Q. Will 25G be available through both copper and fibre connectivity?

A. Yes.   IEEE 802.3 work is currently underway to specify 25Gb/s on twinax (“direct attach copper)” to 5 meters, printed circuit backplane up to ~1m, twisted pair copper to 30m, multimode fiber to 100m.   There is no technology barrier to 25G on SMF, just that a standards project to specify it has not started yet.

Q. This is interesting from a hardware viewpoint, but has nothing to do with storage yet.   Are we going to get to how this relates to storage other than saying flash drives are fast and only Ethernet can keep up?

A. Beyond the scope of this presentation on Ethernet.   Ethernet is defined by the IEEE for L1 and L2 in the ISO model.   Your questions are directed at the higher layers.   The key point of this webcast is that storage networking engineers need to pay much more attention to the Ethernet roadmap than they have historically, primarily because of NVM.

Q. How does “SFP 28” fit in this mix?   Is it required for 25G?

A. SFP28 connectors and modules are required for 25GbE because they give better performance than SFP+ that only works to 10GbE.

Q. Can you provide the quick difference between copper & optical on speed & costs?

A. Copper and optical Ethernet links are usually standardized at the same speed.   400GbE is not defining a copper link but an active Direct Attached Cable (DAC) will probably support 400GbE.   Cost depends on volume and many factors and is beyond the scope of this presentation.   Copper is usually a fraction of the cost of optical links.

Q. Do you think people will try to use multiple CAT 5e to get more aggregate bandwidth to the access points to avoid having to run Fibre to them?

A. IEEE is defining 2.5GBASE-T and 5GBASE-T to enable Cat5e to support faster wireless access points.

Q. When are higher speeds and PoE going to reach the point when copper based Ethernet will become a viable heat source for buildings thus helping the environment?

A. 🙂   IEEE is defining 4 wire PoE to deliver at least 60W to end devices.   You can find out more here.

Q. What are the use cases for 2.5Gb and 5.0Gb Base-T?

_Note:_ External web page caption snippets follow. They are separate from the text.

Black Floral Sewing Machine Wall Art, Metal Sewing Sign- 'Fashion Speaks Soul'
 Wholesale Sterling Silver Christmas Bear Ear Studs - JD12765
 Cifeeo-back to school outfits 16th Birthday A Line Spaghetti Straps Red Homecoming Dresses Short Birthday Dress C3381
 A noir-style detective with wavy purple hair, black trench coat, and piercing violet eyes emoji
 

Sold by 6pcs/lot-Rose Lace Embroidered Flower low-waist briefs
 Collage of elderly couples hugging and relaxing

A. The leading use case for 2.5G/5GBASE-T is to provide the uplink for wireless LAN access points that support 802.11ac and future wireless technology.   Wireless LAN technology has advanced to the point where >1Gb/s BW is needed upstream from the AP, and 2.5G/5G provide a higher speed uplink while preserving the user’s investment in Cat5e/Cat6 cabling.

Q. Why not have only CFP2 sockets right away with things disabled for lower speeds for all the intervening years leading to full-fledged CFP2?

A. CFP2 is defined for 100GbE and 8 ports can be used on a 1U switch. 100GbE switches are shifting to QSFP28 so that 32 ports of 100GbE is supported in a 1U switch at low cost.   The CFP2 is much more expensive than QSFP28 and will not be used for lower speeds because of the high cost.